# Подскажите что за инструмент



## madrus (19 Авг 2015)

Здравствуйте уважаемые форумчане. Подскажите пожалуйста, может быть кто нибудь знает что это за аккордеон. Заранее спасибо


----------



## vev (19 Авг 2015)

*madrus*, 
Мы во всех подробностях можем разглядеть Ваши апартаменты, но вот, собственно, инструмент представлен на фото как-то не очень отчетливо. Даже о шортах можно сказать больше, чем о нем 

Вы б сфотографировали сам струмент...

То, что видно. Инструмент полный 41/120. Четыре голоса в правой. По возрасту я бы отнес к концу 60-х - началу 70-х


----------



## madrus (19 Авг 2015)

vev писал:


> *madrus*,
> Мы во всех подробностях можем разглядеть Ваши апартаменты, но вот, собственно, инструмент представлен на фото как-то не очень отчетливо. Даже о шортах можно сказать больше, чем о нем
> 
> Вы б сфотографировали сам струмент...
> ...


В тот то и дело что другой фотографии нету  Возможно инструмент сделан в Германии.
Спасибо за информацию


----------



## madrus (19 Авг 2015)

Может быть royal standart. У отца такой, но жизнь его сильно потрепала. Вот хочу подарить новый на день рождение. Сам я в этой сфере полный ноль, можете посоветовать достойный вариант со средней ценой 70тыс рублей. Чтобы и звук был хорошим и выглядел достойно.


----------



## Kuzalogly (19 Авг 2015)

Это "Фиротти- Элеганс" ранних версий.
До упомянутых денег ему как до Луны пешком...
Дарить "такое же"- смысла нет, это очень устаревший инструмент. Морально.
С 70 тр можно пойти в личку к местному знатоку (его все знают), он подберёт аккордеон на три головы выше, чем то что на фото.
Если мыслить предметно и частным образом- это "vev". Если официально, то свой магазин имеет zet10. И вот ещё. Новый аккордеон Вам не нужен. Нужен просто "свежий", конца 1990хх. Это будет хороший выбор. Ибо новые не так хороши, как неоправданно дороги.


----------



## vev (19 Авг 2015)

madrus писал:


> Может быть royal standart. У отца такой, но жизнь его сильно потрепала. Вот хочу подарить новый на день рождение. Сам я в этой сфере полный ноль, можете посоветовать достойный вариант со средней ценой 70тыс рублей. Чтобы и звук был хорошим и выглядел достойно.

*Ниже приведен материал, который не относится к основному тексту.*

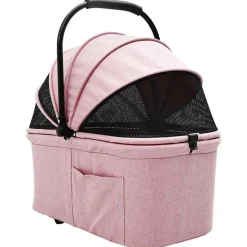 vidaXL Sammenklappelig kæledyrsvogn Lyserød 81 x 47 x 99 cm Polyester
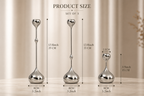 Modern Silver Candle Holder Set (3 Pieces) – Minimalist Metal Decor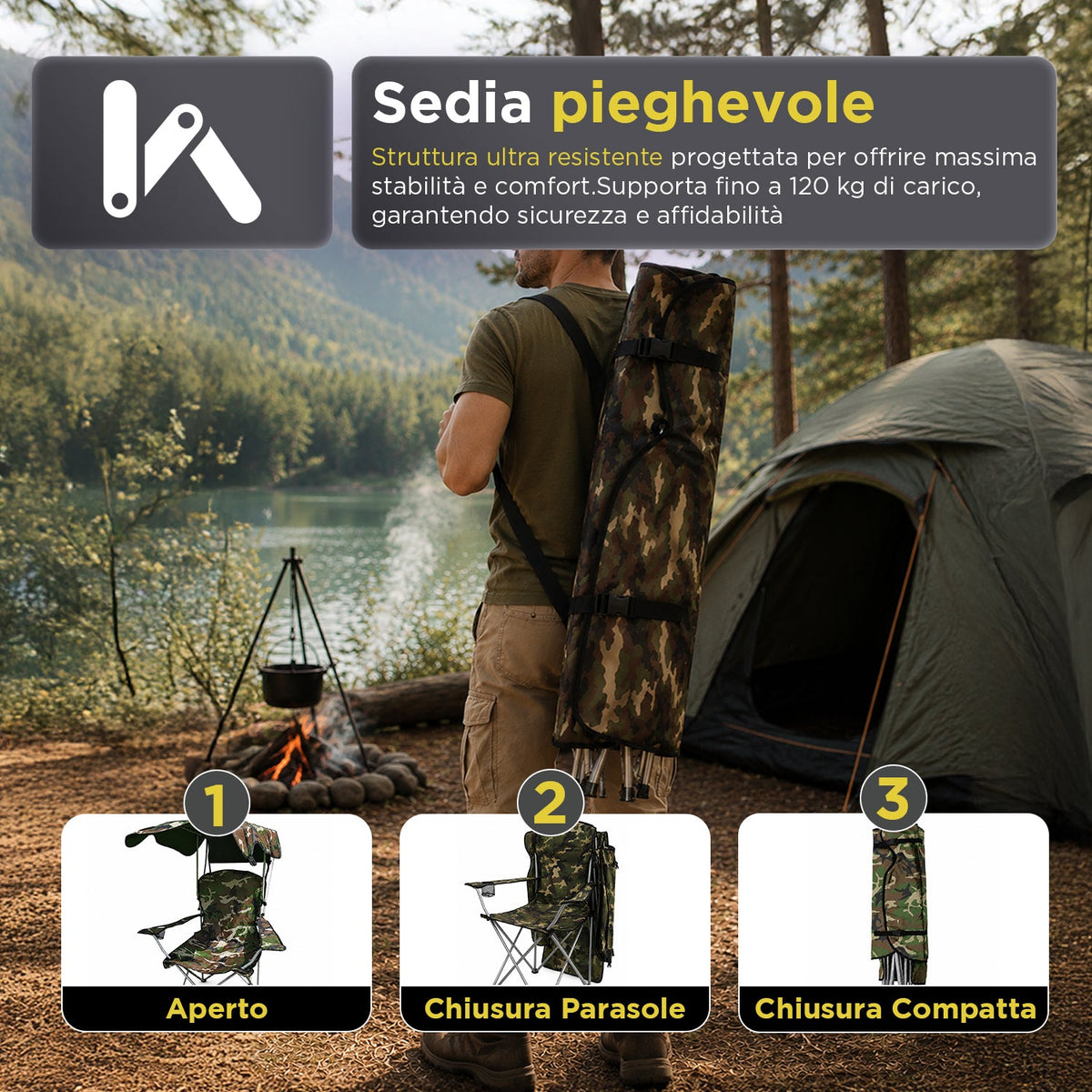 Sedia da Campeggio Pieghevole con Tettuccio Parasole – Struttura in Acciaio al Carbonio Portata 120kg – Tessuto Oxford Resistente – Dimensioni 53x77x130cm – Salvaspazio con Custodia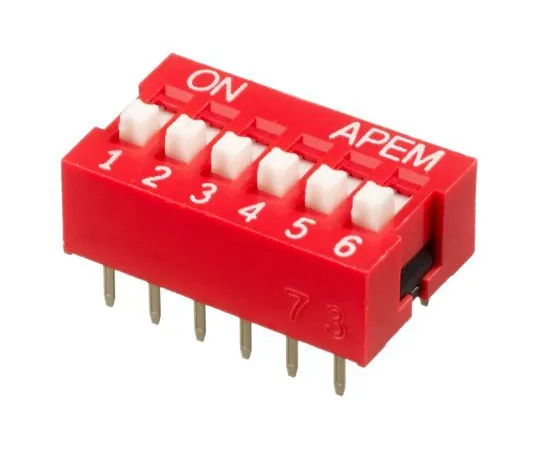 63-5158-96　6 Way Through Hole DIP Switch SPST, Raised Actuator　NDS-06-V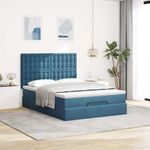 Casa si Gradina - Mobilier - Paturi si accesorii - Paturi - Cadru pat otoman cu saltele Albastru inchis 140x200cm catifea - Infinity.ro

подарок - это хорошо, но аккордеон - это Вам не свитер и не чайная кружка, а вещь интимная и выбирать ее должен будущий владелец. Пусть одариваемый сам выберет, а Вы компенсируете ему финансовые потери.


----------



## madrus (19 Авг 2015)

vev писал:


> madrus писал:Может быть royal standart. У отца такой, но жизнь его сильно потрепала. Вот хочу подарить новый на день рождение. Сам я в этой сфере полный ноль, можете посоветовать достойный вариант со средней ценой 70тыс рублей. Чтобы и звук был хорошим и выглядел достойно.
> 
> подарок - это хорошо, но аккордеон - это Вам не свитер и не чайная кружка, а вещь интимная и выбирать ее должен будущий владелец. Пусть одариваемый сам выберет, а Вы компенсируете ему финансовые потери.

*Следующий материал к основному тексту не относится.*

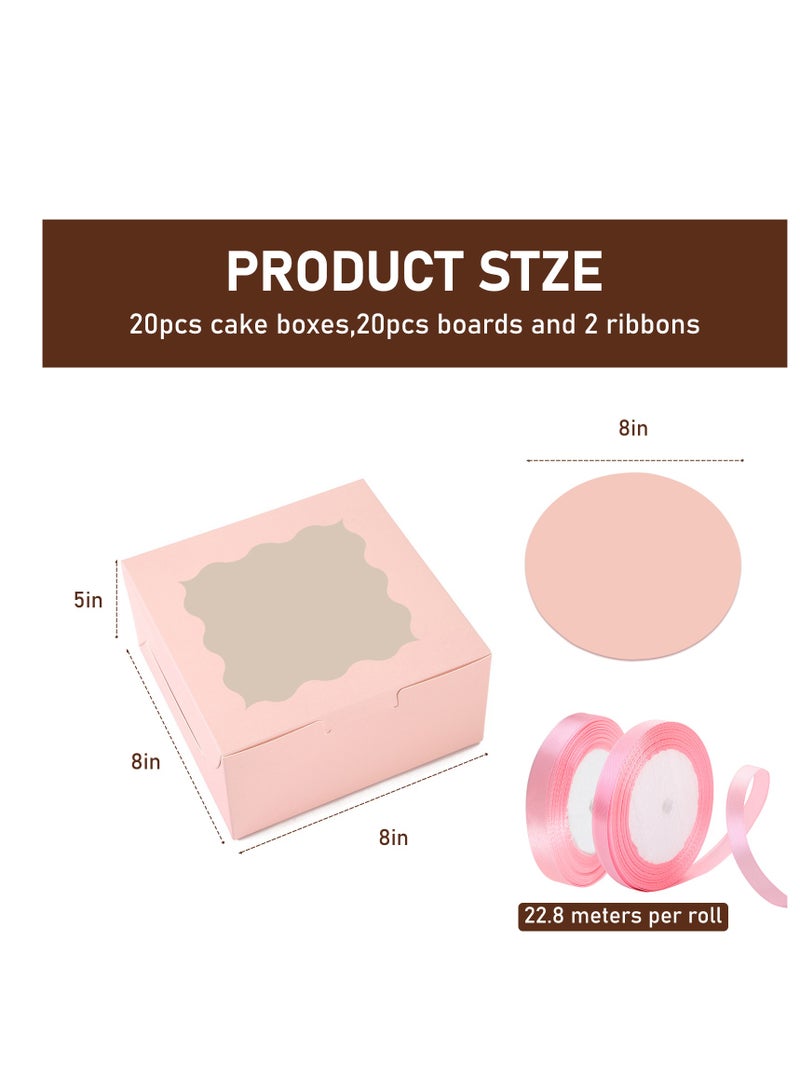 8x8x5 inches Cake Boxes with Cake Boards , 8-inch Bakery Box with Window for Cakes, Pies and more (20pcs=10 cake boxes, 10 cake box covers/40 pieces=20 cake boxes, 20 cake box covers) - Image 2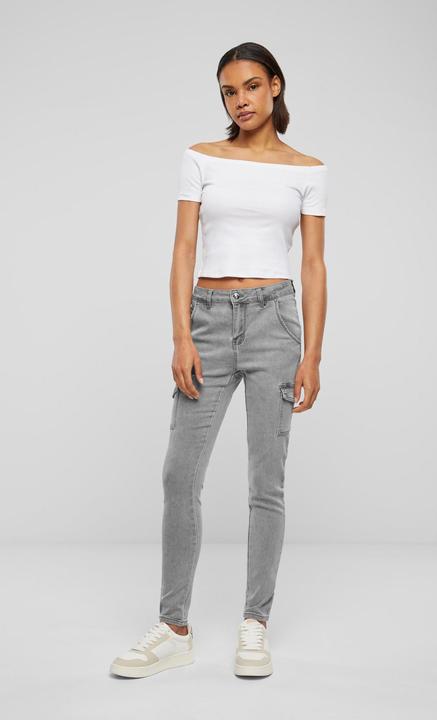 Actual product image Cloud 5ive Cloud5ive ladies high waist cargo jeans trousers with washed look - 131275 (S)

Полностью согласен, но тут такой случай, что это должен быть сюрприз. Других вариантов нет.
Написал вам в лс


----------



## zet10 (19 Авг 2015)

70 тыс.уж больно дорого...вполне можно уложиться в бюджет 35-40 тыс,для того что б купить хорошего немца.


----------



## Kuzalogly (19 Авг 2015)

Нормальный ход. Надо открыть блиц- обсуждение "Что подарить хорошему человеку из четырёхголосого, полного, поновее, покрасивее, за 50-70 тыр". Я знаю, но не скажу...))


----------



## madrus (19 Авг 2015)

Kuzalogly писал:


> Нормальный ход. Надо открыть блиц- обсуждение "Что подарить хорошему человеку из четырёхголосого, полного, поновее, покрасивее, за 50-70 тыр". Я знаю, но не скажу...))


Ну может быть на ушко?)


----------



## vev (19 Авг 2015)

madrus писал:


> Kuzalogly писал:Нормальный ход. Надо открыть блиц- обсуждение "Что подарить хорошему человеку из четырёхголосого, полного, поновее, покрасивее, за 50-70 тыр". Я знаю, но не скажу...))Ну может быть на ушко?)

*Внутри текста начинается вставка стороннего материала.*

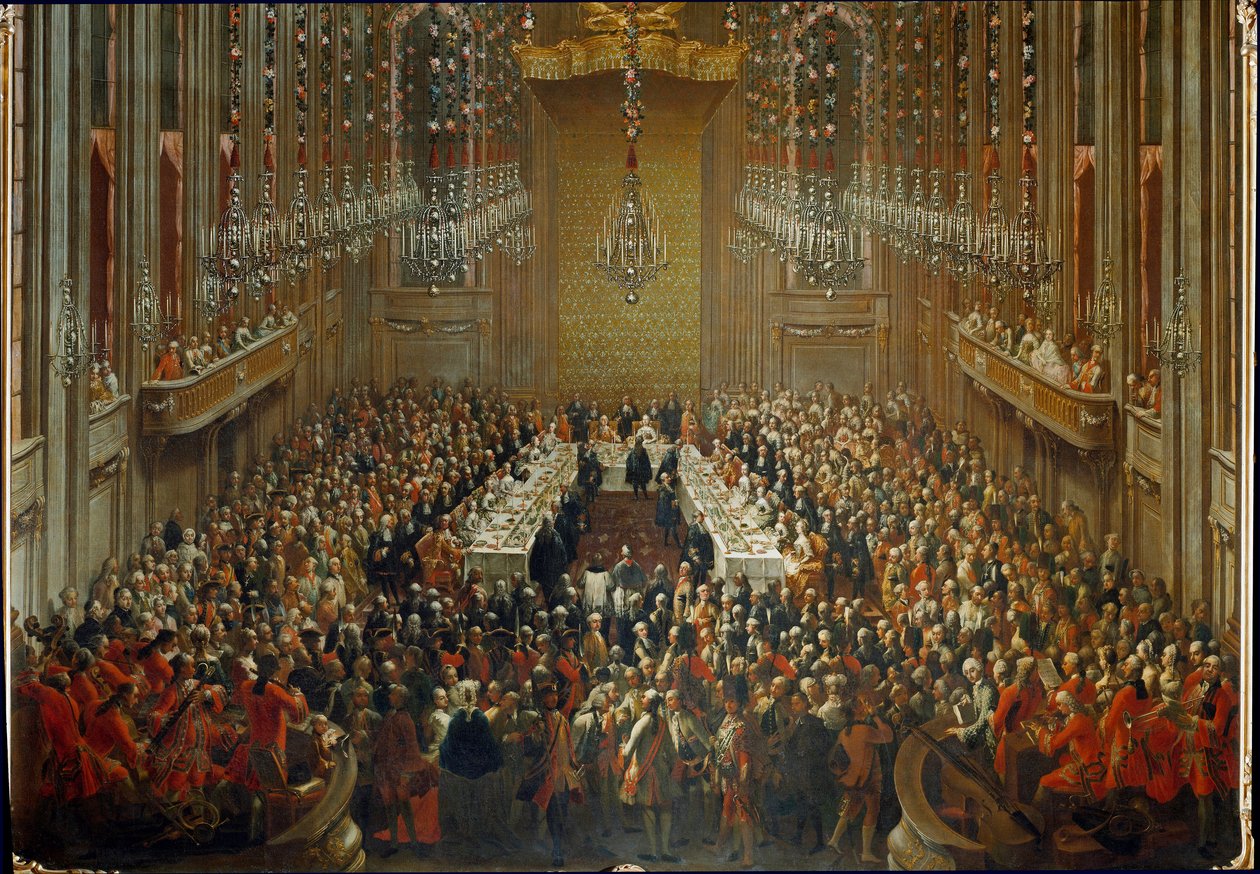 06/10/1760 पर सम्राट जोसेफ द्वितीय और पर्मा के इसाबेला की शादी के अवसर पर भोज। मोजार्ट ऑर्केस्ट्रा में खड़े होने के साथ द्वारा मार्टिन (स्टूडियो) मायटेंस या मेयटेन्स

А нескромный вопрос можно? Что отец играет то? Какой уровень?


----------



## madrus (19 Авг 2015)

vev/ писал:


> madrus писал:Kuzalogly писал:Нормальный ход. Надо открыть блиц- обсуждение "Что подарить хорошему человеку из четырёхголосого, полного, поновее, покрасивее, за 50-70 тыр". Я знаю, но не скажу...))Ну может быть на ушко?)
> 
> 
> А нескромный вопрос можно? Что отец играет то? Какой уровень?


Он играет для себя, для души. Вообще играет на протяжении всей жизни, но не виртуозно, как никак уже 70 лет, пальцы как в молодости так быстро уже не двигаются. Так что какой то профессиональный вариант не нужен. Главное качественный, надежный и внешний вид тоже немаловажен  
В основном играет русские романсы.


----------



## Kuzalogly (19 Авг 2015)

Мастера знают лучше. Но я бы искал Вельтмайстер уровня "Метеор" или "Каприз" полный , посвежее, конца 1990хх. Выборный отцу Вашему наверное не нужен. А  для романсов найти то, что я упомянул,- за 30 тыр в идеале будет.
Я от "Метеора" просто балдею уже который день. Если был у Вашего папы "Фиротти Элеганс"- и он тоже будет счастлив. Это просто переход на две ступени вверх...


----------



## vev (19 Авг 2015)

Kuzalogly (19.08.2015, 19:57) писал:


> Но я бы искал Вельтмайстер уровня "Метеор" или "Каприз" полный , посвежее, конца 1990хх.


Вот-вот. Что-то типа такого
https://www.avito.ru/moskva/muzykalnye_instrumenty/akkordeon_weltmeister_caprice_
44_novyy_624260606


----------